England’s longest continuous car-free promenade cycle path is in Blackpool. Rock on! It runs for 12 uninterrupted, smooth, flat, seaside miles from Starr Gate, just south of the Pleasure Beach and South Pier, up and round to Fleetwood. En route you encounter an organ played by the tide, Blackpool Tower, beaches, piers, a lighthouse in the middle of the street, and Daleks.
I was there today, diligently researching. I’d taken advantage of a Northern Railways flash sale a few weeks ago, and snapped up a York–Blackpool return for £1 each way, so it was a cheap day at the seaside.
(And Blackpool’s refreshment opportunities need not stretch the budget either: five-item cooked breakfasts in the Pound Bakery Cafe for £3, fish and chips at various places from £4, and excellent pints of Coach House Blueberry Ale from Wetherspoon’s Velvet Coaster for £2.15.)
It was pretty quiet on this grey October morning: no-one on the beach (the tide was in), the amusement arcades shut, the fish and chip places shuttered. But I wasn’t here to ride a donkey. I was here to cycle the prom path.
I headed north: NCN62. The signs aren’t always explicit but it seems you have two parallel possibilities, both flat (-tish), smooth and car-free: one the beige concrete seaside walk, the other a wide tarmac path.
(The next-longest continuous car-free prom path in England is in Lancashire too: on the north shore of the Wirral peninsula, running ten miles or so from Hoylake round to the ferry terminal at Seacombe. I rode this last year.)

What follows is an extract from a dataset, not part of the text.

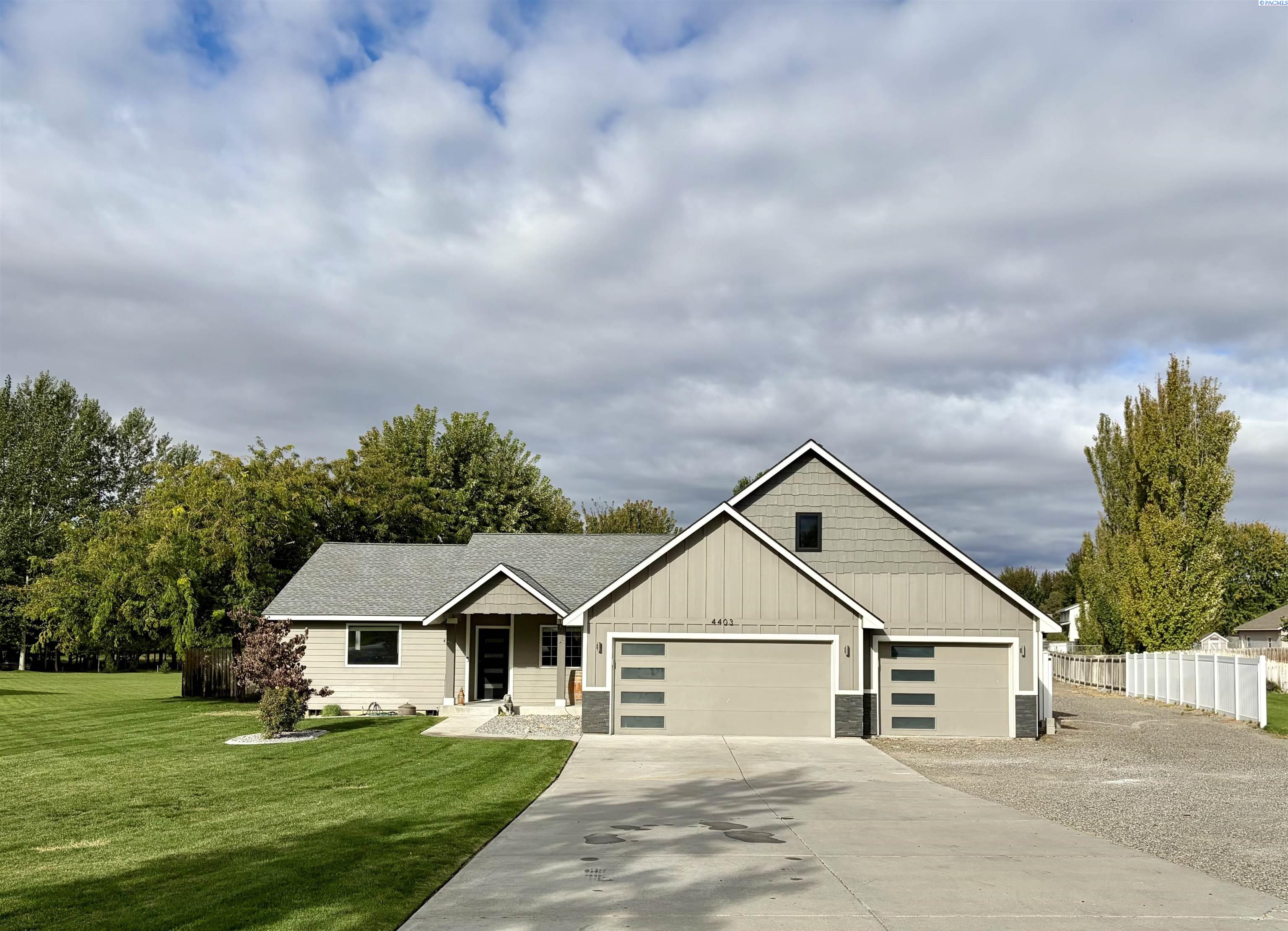 4403 Mount Daniel Ct, West Richland, WA 99353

In autumn and winter hours of darkness, the prom is all a gloriously gaudy lightshow: the Blackpool Illuminations, whose turn-on evening (when roads are closed and turned over to cyclists) I rode a few years back. Today it was less glitzy, though I did enjoy stopping to admire the Dalek figures amid a long parade of caricature statues of now questionable racial/cultural-stereotypes.

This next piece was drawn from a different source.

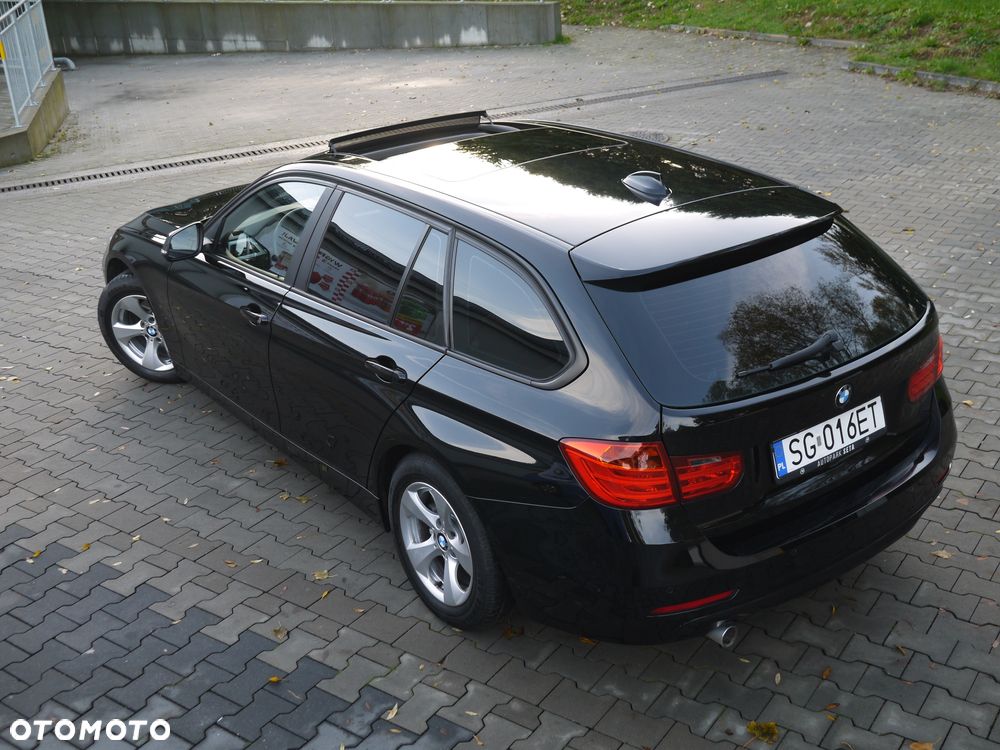 BMW Seria 3 320d Touring Efficient Dynamics Edition - 32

How long before the advocacy groups of the planet Skaro campaign against these negative portrayals of Daleks as brutal murderers, when they are simply peace-loving technocrats consolidating their culture?
The Tower gradually receded and the tailwind blew me on and round, and Blackpool morphed into Fleetwood. Excitingly, the town boasts a lighthouse in the middle of a street, and with its own (albeit disused) tram stop. There’s also the Knott Ferry across the estuary mouth, and several chip shops, but I had other fish to fry. I wanted to ride the Blackpool Tram.

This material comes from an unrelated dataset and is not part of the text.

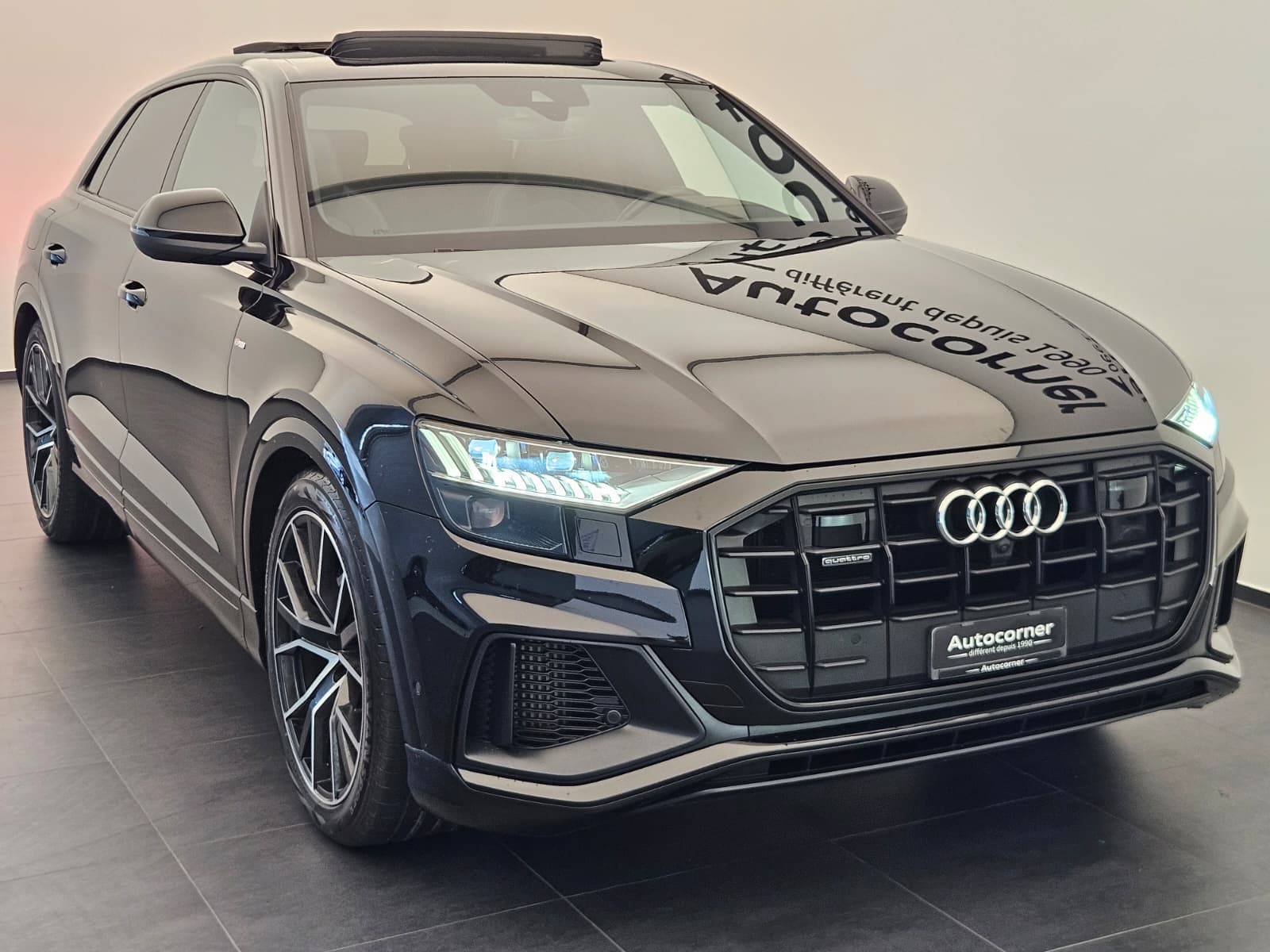 AUDI Q8 55 TFSI quattro tiptronic-image-4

That took me and folding bike back to where I started, and beyond, to Starr Gate – a 45-minute journey on a sleek modern tram, packed with people even older than me, and conductored by an irresistibly chirpy, chatty and efficient young woman.
(The more ancient trams still run occasionally for special heritage trips.)
At Starr Gate I paused to listen to the Tide Organ. This is a promenade artwork shaped like a giant frond that contains organ pipes ‘played’ by the pressure of the waves. It happened to be around high tide, so I could enjoy the full range of the instrument.
Which, to be honest, is a little restricted. The pipes are tuned to the harmonic series of B flat two octaves below middle C, so what you get is an accordion-like wheeze of a Bb9 chord gasping every few seconds, like an Antonio Carlos Jobim samba dying of respiratory failure. That said, there’s something mesmeric about its nature-driven sounds, and I rather like it.
Pleased with this musical interlude, I refreshed myself at the Velvet Coaster, and got the long train back home.
Oh, I do like to be beside the seaside. Especially when there’s a 12-mile car-free cycle path.